種別 論文
主題 変形FLIC法によるパイプクーリング効果の高精度予測
副題
筆頭著者 伊藤洋(熊谷組原子力開発室)
連名者1 坂口雄彦(熊谷組原子力開発室)
連名者2 西山勝栄(熊谷組原子力開発室)
連名者3 森清就(熊谷組原子力開発室)
連名者4  
連名者5  
キーワード
9
2
先頭ページ 61
末尾ページ 66
年度 1987
要旨 1.はじめに
パイプクーリング工法はもともとコンクリートダムにおいて発生する熱応力を低減させるための一方策として発展してきたものであるが、最近ではコンクリート構造物の大型化・多様化に伴ってダム以外の重要なマスコンクリート構造物においても実施されるようになり、その冷却効果に関する研究もかなり進んできている。1),2)しかしながら、クーリング実施に伴うコンクリート内部の温度分布を精度よく予測することは容易でなく、その評価に当たって重要なパイプ壁面における局所熱流束が伝熱方程式の中で未知量であるなど曖昧な点も多い。

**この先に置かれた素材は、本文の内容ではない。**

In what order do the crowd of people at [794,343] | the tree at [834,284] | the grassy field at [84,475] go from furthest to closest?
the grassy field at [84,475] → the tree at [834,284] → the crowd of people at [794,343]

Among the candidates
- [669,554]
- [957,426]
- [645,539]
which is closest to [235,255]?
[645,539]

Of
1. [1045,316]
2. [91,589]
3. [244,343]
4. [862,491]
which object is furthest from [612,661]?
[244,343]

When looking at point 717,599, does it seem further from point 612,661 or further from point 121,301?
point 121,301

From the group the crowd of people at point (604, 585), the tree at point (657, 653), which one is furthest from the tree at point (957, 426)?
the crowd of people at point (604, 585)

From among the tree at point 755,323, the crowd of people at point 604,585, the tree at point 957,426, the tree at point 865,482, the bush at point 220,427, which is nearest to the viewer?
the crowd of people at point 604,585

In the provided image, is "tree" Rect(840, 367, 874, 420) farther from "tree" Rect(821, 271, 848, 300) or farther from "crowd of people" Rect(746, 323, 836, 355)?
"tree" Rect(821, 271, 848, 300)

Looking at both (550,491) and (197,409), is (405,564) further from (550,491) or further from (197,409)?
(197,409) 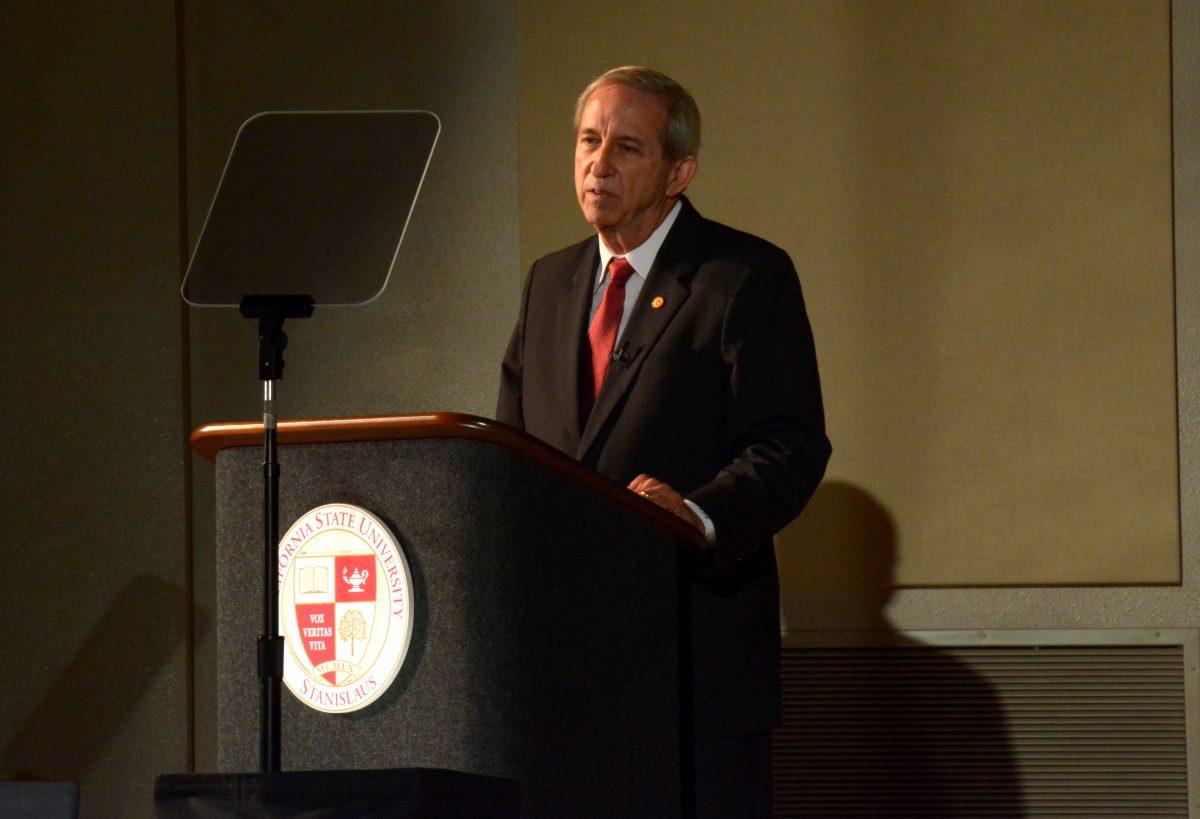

本論文では、こういった背景にあって、従来のコンクリートとパイプ内水の2つの伝熱方程式からパイプ壁面熱流束項を消去し一つの支配方程式にすることにより、伝熱場を理論的に評価し得ることを可能にした上で、その解法に変形FLIC法を適用させてパイプクーリング周辺の伝熱解析を行う手法を提示する。さらに、その検証に当たってはできるだけ正確なデータを得る必要かあるため、実規模の大型供試体(幅、高さ1m、長さ10m)を用いた実験を実施し、その結果と本解折結果を比較検討する。その結果、本手法によりクーリング効果の高精度予測が十分可能であることが示唆されたのでここに報告する。

4.まとめ
パイプクーリング工法は、古くからコンクリート温度低減の有力な手法の一つとして用いられておりその評価手法についての研究もかなり進んできている。しかし、解析上の困難さもあってクーリング効果評価のキーポイントとなるコンクリートとパイプ内水との熱交換流束が理論上未知量であるなど、事前予測に当たって問題を残している。本論では、このような未知量である熱交換流束項を用いずクーリング効果を理論・解析的に評価し得る手法を検討した。その結果、伝熱場は伝導、対流項を含む一つの移流伝熱方程式で十分説明し得ることが確認され、その解析に当たって変形FLIC法を用いることにより解析可能となることかわかった。一方、それの検証のためにパイプクーリング周辺の正確な温度データを得ることを目的に実施した大型供試体を用いた実験において、計算値はその結果をよく再現し、本手法の妥当牲が実証された。本手法は、現状では複雑な3次元伝熱場にそのまま適用することは解析上難しいと思われるが、クーリング効果の基本予測、コンクリートとパイプ内水の熱伝達率の理論的決定、或いは初期のクーリング効果の非定常性検討など従来技術と併せ応用することによりこの種の予測・評価精度を向上させ得るものと考える。